[Data]:
*** Block opens ***

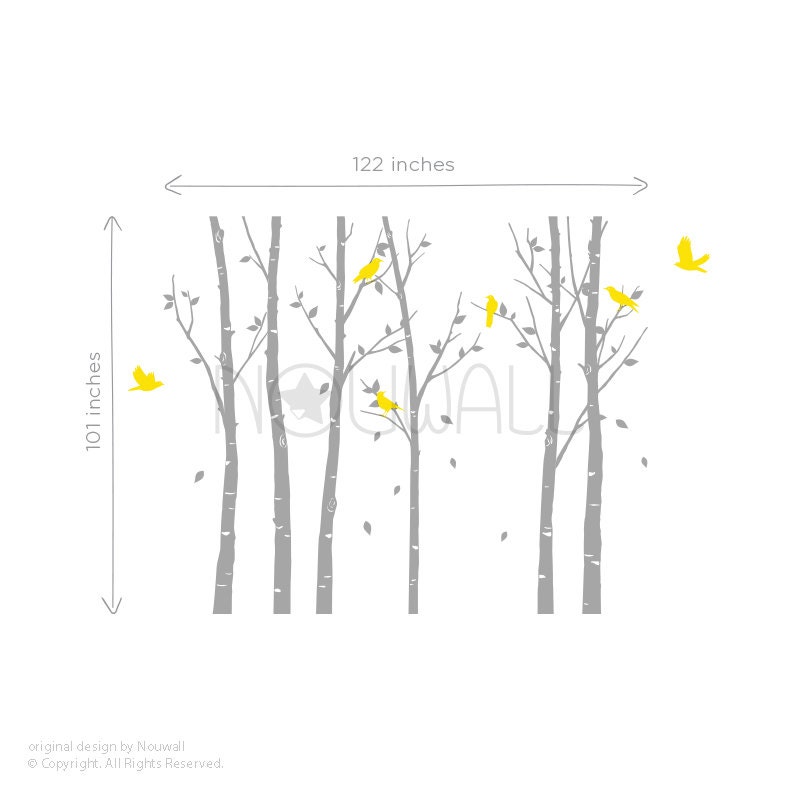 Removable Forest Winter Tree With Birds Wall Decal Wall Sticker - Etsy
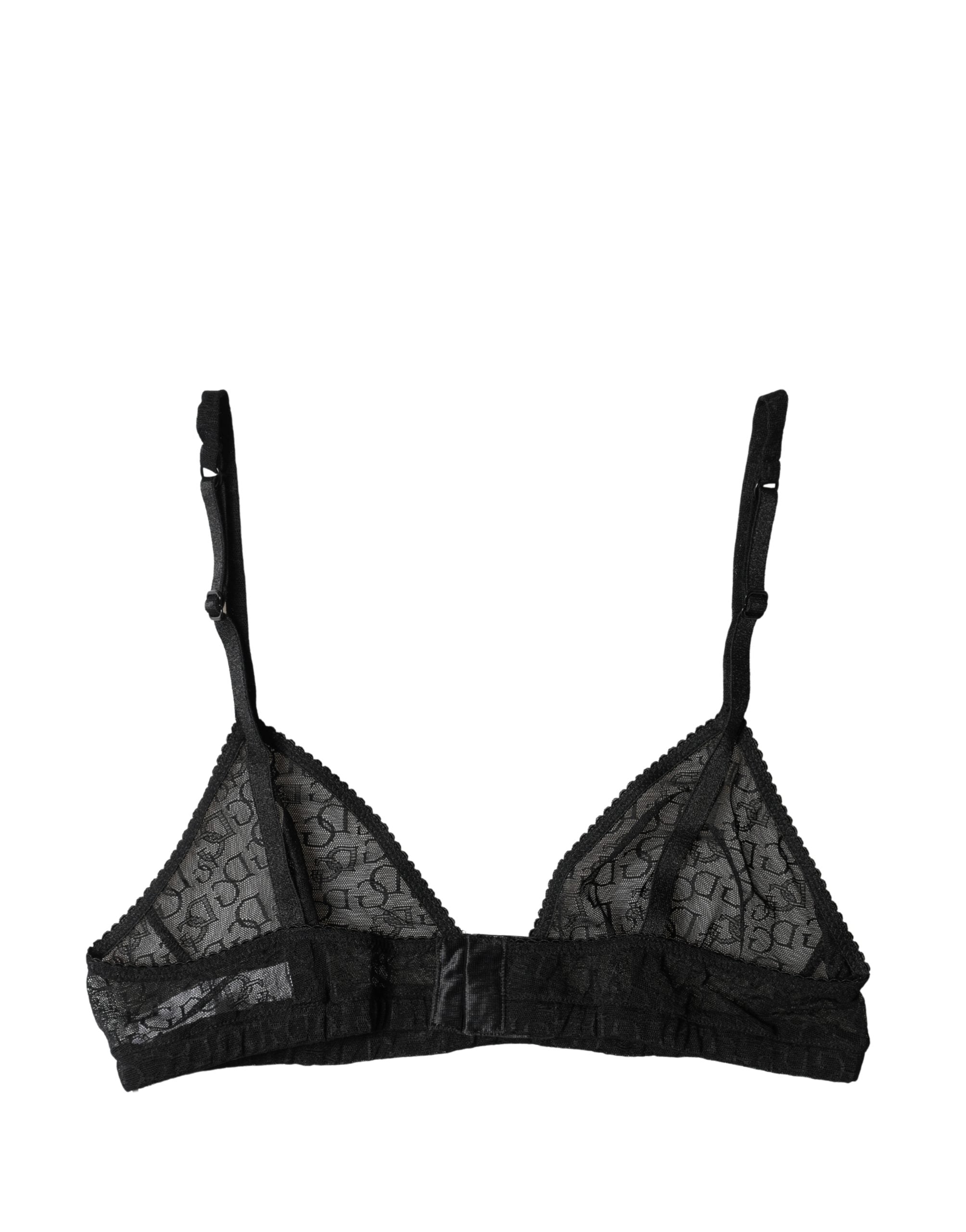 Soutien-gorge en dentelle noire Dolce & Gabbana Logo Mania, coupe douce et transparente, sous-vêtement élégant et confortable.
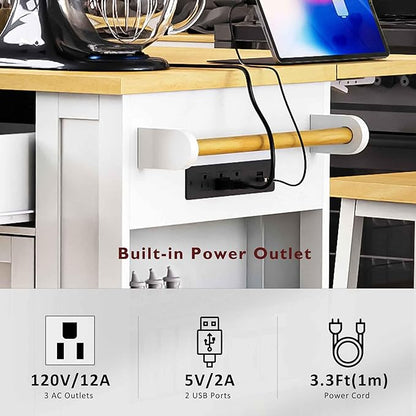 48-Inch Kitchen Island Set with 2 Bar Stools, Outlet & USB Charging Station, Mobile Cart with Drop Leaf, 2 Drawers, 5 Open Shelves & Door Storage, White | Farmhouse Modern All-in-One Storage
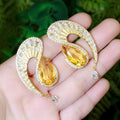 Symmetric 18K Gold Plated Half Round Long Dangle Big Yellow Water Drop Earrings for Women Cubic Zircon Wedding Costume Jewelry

*** Block closes ***

Copy exactly the lines from the line holding "Soutien-gorge en dentelle" to the final line of the listing, and leave the pictures out.

 Soutien-gorge en dentelle noire Dolce & Gabbana Logo Mania, coupe douce et transparente, sous-vêtement élégant et confortable.
 48-Inch Kitchen Island Set with 2 Bar Stools, Outlet & USB Charging Station, Mobile Cart with Drop Leaf, 2 Drawers, 5 Open Shelves & Door Storage, White | Farmhouse Modern All-in-One Storage
 Symmetric 18K Gold Plated Half Round Long Dangle Big Yellow Water Drop Earrings for Women Cubic Zircon Wedding Costume Jewelry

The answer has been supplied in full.